GTサミットで話題になったテーマを少し紹介します。当園が実践してきている内容と関連するものを取り上げます。
最近の政府のいろいろな審議会答申は、不確かな将来に備えるための「学び」がどう変わるべきかを、かなり大胆に描いています。今年6月に出された内閣府の「審議のまとめ」は、かなりドラスティックです。それらのキーワードの一つは、中教審が昨年答申した「個別最適な学びと協働的学び」があります。小学校以上の学校での勉強や家庭学習、あるいは地域活動でも、これからこの言葉で表される「学び」が実現できるようにしましょう!というわけです。

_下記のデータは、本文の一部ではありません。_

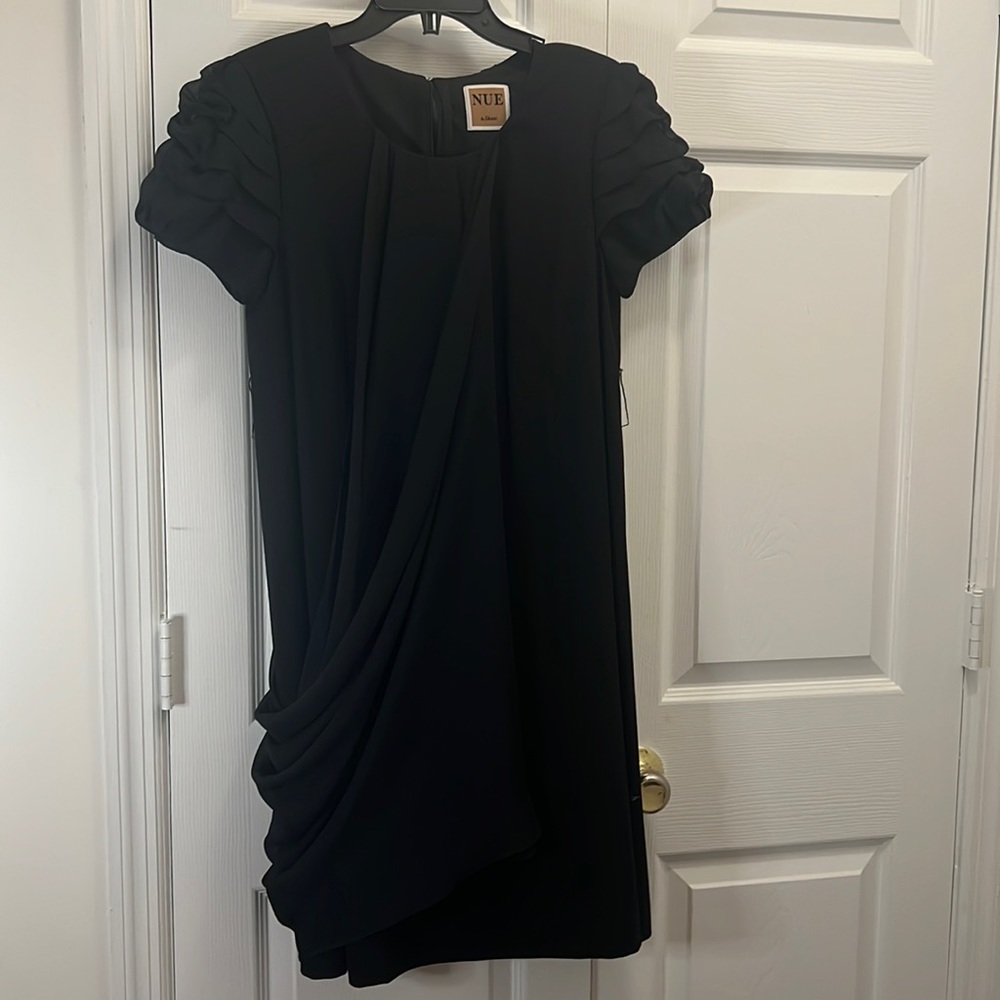 Nue by Shani Black Draped Short Sleeve Dress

とりわけ、学校に限らず、全方位をカバーする内閣府は学校に限らず、学校でも家庭でも地域でも、どこにいても、その子どもにふさわしい学びが成立するようにしましょう、という方針を、明確に打ち出してきました。
このことは、当園が開園したときに、敷地が狭くて園庭はない保育園だけれども、生活を遊びの場を地域にも広げてしまおう、と考えてきたことと、かなり重なってきたなあ、と感じます。
そのことは、<学びや勉強>というところを<子育てや保育>に置き換えてみると、ますますそう思えてきます。子育ては家庭だけで行うものではなく、保育園も子どもにとってのホームになるようにしましょう、と考えてきたこととも一致します。
さらに、子育ては親だけでできるものではなく、いろんな人が子どもに関わることで子どもたちが良く育つというアロ・ペアレンティングという考え方とも調和します。いま取り組んでいることを、政府が「その方向でいいんだよ、もっとやってください」と、後押ししてくれるといいのになあ、と期待してしまいます。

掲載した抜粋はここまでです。